Christian legend and traditions sought to interpret and understand the scriptures and everything to do with the death of Jesus was given great importance. A place name obviously mattered, so what was the significance of Golgotha? The place of the skull? Whose skull?

The Church Father, Origen (184-253) in his Commentary on Matthew 27:32, gave this answer:

Concerning the place of the skull, it came to me that Hebrews hand down (the tradition that) the body of Adam has been buried there; in order that ‘as in Adam all die’ both Adams would be raised and ‘in Christ all will be made alive.’

Despite St Jerome’s opinion that this tradition was ‘doubtful,’ it came to be the accepted Christian wisdom: Jesus was crucified in the same place that Adam, or at least the skull of Adam, was buried. This fitted beautifully with the developing ‘Adamic Christology’ which interpreted Jesus as making right through the Redemption all the things that came to pass through Adam and the Fall.

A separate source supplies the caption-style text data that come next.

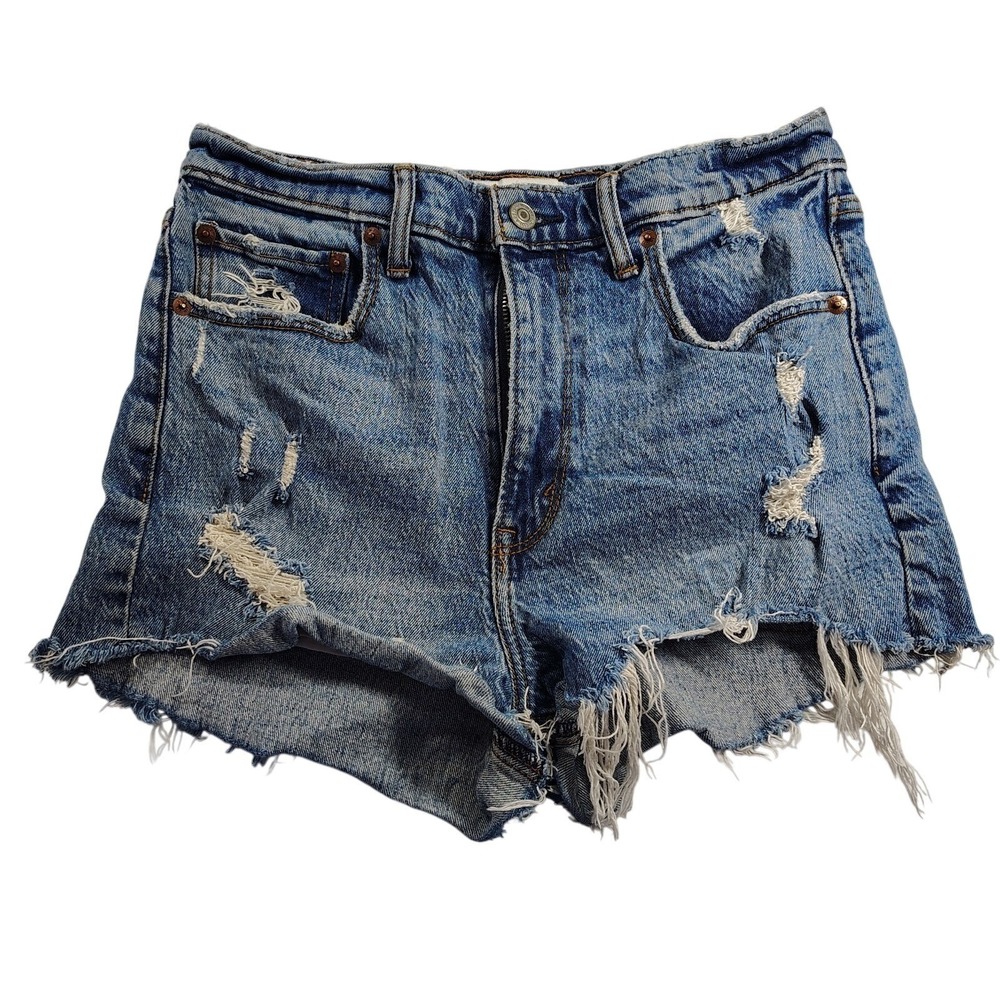 Distressed Blue Denim Women’s Shorts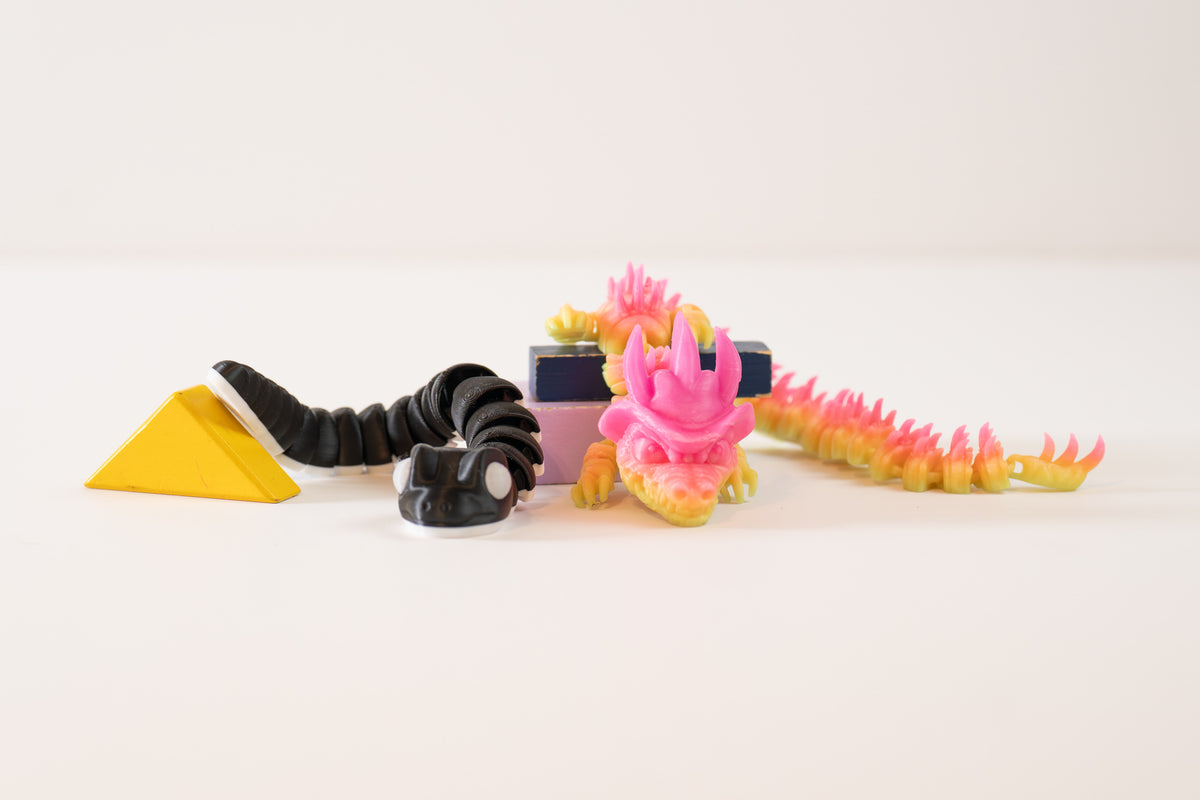 3D-Printed Fidgets Clicky and key chains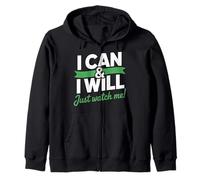 I Can & I Will Beat Linfoma Cancer Warrior Just Watch Me Sudadera con Capucha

In art and preaching the Cross of Christ was paralleled with the Tree of the Knowledge of Good and of Evil from the Garden of Eden. There are ancient images of the crucifixion with a snake present at the foot of the cross. Adam and Eve are tempted by the serpent in the Garden, while at Golgotha Jesus defeats both Death and the Devil.

Longinus wields the spear, and Stephaton the sponge. Adam lies in his grave under the cross. MS7, Cathedral Archive, Girona, c. 975 AD

A wonderfully detailed and labelled Crucifixion scene from a Spanish illuminated manuscript of the late 10th Century, now in the Girona Cathedral Archive, has names for all the characters involved in the Crucifixion story, depicts the holy grail collecting the blood of Christ, and the tomb of Adam directly beneath the cross of Christ.

A somewhat anti-Semitic scene carved by Pisano for a baptistery in Pisa, Italy, in about 1260 AD, has the good disciples in a crowd on the left and the unbelieving Jews to the right. Mary is swooning in a very uncomfortable-looking posture. He depicts the grave of Adam and the place  of the crucifixion by the skull he has beneath the cross.

The scandal of the cross,
dividing believers from unbelievers, Pisano, c. 1260 AD

The skull became an established part of the Russian icon tradition of the crucifixion and on some medieval free-standing crucifixes. Medieval European culture, after repeated incursions of the plague and the consequences of the Hundred Years War, was well acquainted with sudden death, and somewhat obsessed with it. The dancing skeletons of the Danse Macabre and the skulls and bones of Memento Mori shrines were an artistic expression of how quickly one could be snatched from this life.

Ivory Book Cover, Musée de Cluny, Paris, c. 900 AD

The single skull with a pair of crossed bones became a common feature of crucifixes. It represented the grave of Adam, the name Calvary, and the victory of Christ over death. As a symbol of death, it became the standard symbol for poison. If one were to give up earning an honest living and take up piracy then the Skull and Crossbones was the banner to fight under, representing the antithesis of Christian virtue.

The pectoral crosses worn by religious in the 1950s were most likely their profession crosses. These are an important symbol for a religious congregation, thus not often changed. Hence they may preserve a style of art from the time of the congregation’s founding. As Frank pointed out, it is a style rich in powerful symbolism.